Le texte a fait l'objet d'adaptation au théâtre et Amanda a eu la chance de participer à sa lecture en public.
L’auteur
Netty Radvany Reiling, dite Anna Seghers (Mayence, Rhénanie-Palatinat, 1900 – Berlin, 1983). Née dans une famille de la bourgeoisie juive de Mayence, après des études d’histoire de l’art, elle se tourne vers la littérature, Prix Kleist en 1928 pour La Révolte des pêcheurs de Sante-Barbara, elle adhère au Parti communiste allemand, puis à la Ligue des écrivains révolutionnaires-prolétariens. Placée sous surveillance après l’accession de Hitler au pouvoir, elle émigre en France, où pendant six ans elle participe activement au combat des intellectuels contre le fascisme, tout en poursuivant son œuvre de romancière. En septembre 1940, fuyant Paris occupé, elle part pour les États-Unis puis de là vers le Mexique. Rentrée à Berlin en 1947, elle devient en présidant l’Union des Écrivains de RDA, l’une des figures dirigeantes, l’une des voix les plus écoutées de la nouvelle culture socialiste.
Commentaires
Voilà un livre qui peut tout-à-fait m'intéresser, les questions qui y sont soulevées sont toujours autant d'actualité. Dans un registre similaire, as-tu lu les livres d'Irmgard Keun, qui avaient été réédités il y a pas mal de temps ?
@ Aifelle : Non je ne connais pas cet auteur je vais regarder sa biblio merci à toi
Ce texte est terrible et magnifique. Tu me rappelles de bon souvenirs : cet exercice fut difficile, mais nous avons adoré lire ce texte (une auditrice avait les larmes aux yeux quand nous avons terminé). A présent j'ai envie de le relire à tête reposée, toute seule, pour moi.

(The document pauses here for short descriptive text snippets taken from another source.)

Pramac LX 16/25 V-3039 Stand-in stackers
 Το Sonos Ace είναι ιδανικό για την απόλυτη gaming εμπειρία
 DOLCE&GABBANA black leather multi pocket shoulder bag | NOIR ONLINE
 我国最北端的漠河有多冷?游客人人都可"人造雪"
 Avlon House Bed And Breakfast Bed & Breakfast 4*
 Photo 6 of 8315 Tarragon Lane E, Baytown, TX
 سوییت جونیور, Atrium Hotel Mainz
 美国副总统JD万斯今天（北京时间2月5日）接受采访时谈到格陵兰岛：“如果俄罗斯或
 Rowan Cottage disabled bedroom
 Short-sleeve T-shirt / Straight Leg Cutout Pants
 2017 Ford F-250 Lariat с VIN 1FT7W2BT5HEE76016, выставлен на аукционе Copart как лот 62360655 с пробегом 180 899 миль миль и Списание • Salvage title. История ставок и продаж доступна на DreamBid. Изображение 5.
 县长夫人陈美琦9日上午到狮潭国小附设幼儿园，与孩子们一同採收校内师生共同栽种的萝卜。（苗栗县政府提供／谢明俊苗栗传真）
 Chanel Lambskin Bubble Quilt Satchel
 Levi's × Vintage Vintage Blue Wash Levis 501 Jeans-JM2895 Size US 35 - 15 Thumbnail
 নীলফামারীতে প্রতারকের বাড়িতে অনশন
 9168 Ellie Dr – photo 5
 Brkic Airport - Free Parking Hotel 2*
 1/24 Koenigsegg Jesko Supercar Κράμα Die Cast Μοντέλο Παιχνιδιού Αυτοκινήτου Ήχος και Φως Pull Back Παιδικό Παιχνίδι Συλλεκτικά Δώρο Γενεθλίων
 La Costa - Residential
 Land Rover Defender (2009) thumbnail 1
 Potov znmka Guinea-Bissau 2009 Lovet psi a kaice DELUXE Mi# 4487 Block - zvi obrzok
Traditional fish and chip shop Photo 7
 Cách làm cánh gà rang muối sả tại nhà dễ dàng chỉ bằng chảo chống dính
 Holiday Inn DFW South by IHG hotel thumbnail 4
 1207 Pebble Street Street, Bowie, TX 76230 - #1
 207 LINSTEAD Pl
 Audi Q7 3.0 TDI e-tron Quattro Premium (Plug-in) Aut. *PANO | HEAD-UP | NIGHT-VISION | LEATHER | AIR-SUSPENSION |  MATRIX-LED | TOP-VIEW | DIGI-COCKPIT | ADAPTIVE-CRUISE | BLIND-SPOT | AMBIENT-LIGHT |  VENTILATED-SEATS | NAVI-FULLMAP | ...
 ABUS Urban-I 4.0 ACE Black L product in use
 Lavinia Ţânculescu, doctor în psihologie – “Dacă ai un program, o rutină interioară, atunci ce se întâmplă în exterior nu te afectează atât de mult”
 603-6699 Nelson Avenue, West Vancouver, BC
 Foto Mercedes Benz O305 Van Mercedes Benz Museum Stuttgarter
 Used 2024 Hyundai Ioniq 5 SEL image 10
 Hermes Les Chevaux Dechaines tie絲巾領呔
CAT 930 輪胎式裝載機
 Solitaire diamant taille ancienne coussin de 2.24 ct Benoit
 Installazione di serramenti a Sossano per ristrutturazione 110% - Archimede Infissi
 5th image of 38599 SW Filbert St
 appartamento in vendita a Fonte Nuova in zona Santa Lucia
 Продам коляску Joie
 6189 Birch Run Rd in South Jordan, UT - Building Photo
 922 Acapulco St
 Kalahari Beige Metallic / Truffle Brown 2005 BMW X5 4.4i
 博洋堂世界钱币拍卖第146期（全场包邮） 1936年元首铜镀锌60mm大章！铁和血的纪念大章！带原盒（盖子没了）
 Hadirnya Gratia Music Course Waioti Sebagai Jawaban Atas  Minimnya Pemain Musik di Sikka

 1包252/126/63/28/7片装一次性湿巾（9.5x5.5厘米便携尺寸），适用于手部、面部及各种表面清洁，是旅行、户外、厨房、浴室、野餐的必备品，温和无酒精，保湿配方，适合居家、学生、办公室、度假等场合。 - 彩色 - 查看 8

@ Amanda : je comprends tout à fait cette émotion que tu as du avoir , la lecture est très émouvante et ce texte va rester très fort pour moi et une belle découverte
Enfin un livre d'Anna Seghers sur un blog, et le tiens en plus, Dominique ... Cela ne m'étonne pas du tout ! Quel talent dans l'écriture de cette romancière allemande dont j'ai lu quelques-unes de ses œuvres dont "Transit" et "Les morts restent jeunes", fresque allemande sur la grandeur et la misère du nazisme dans plusieurs familles ... Il faut que je me procure absolument ce roman !
Nanne : A l'inverse de toi c'est mon premier livre d'Anna Seghers mais du coup et en plus avec ton commentaire j'ai très envie d'en lire plus
C'est un petit livre par la taille mais pas par la qualité du texte
@ Aifelle : après recherche les livres sont indisponibles chez l'éditeur mais je ne désespère pas de les trouver en bibliothèque
En effet le sujet de ce livre est très tentant... Mais très sombre aussi...
@ L'or des chambres : oui effectivement le ton est assez sombre mais c'est de l'excellente littérature et il est rare qu'on arrive à en faire avec des sujets légers hélàs ! Par contre je te rassure il n'y a aucun misérabilis là dedans, c'est très sobre et c'est ce qui fait sa force
" et comment n'importe quel peuple est capable d'en faire autant !":
à ne pas oublier !
@ Fifi : tout à fait, ce genre de textes est là pour nous rappeler que l'on passe très vite de victime à bourreau dans tous les pays
Tu ne viens plus chez moi... Tu es fachée ???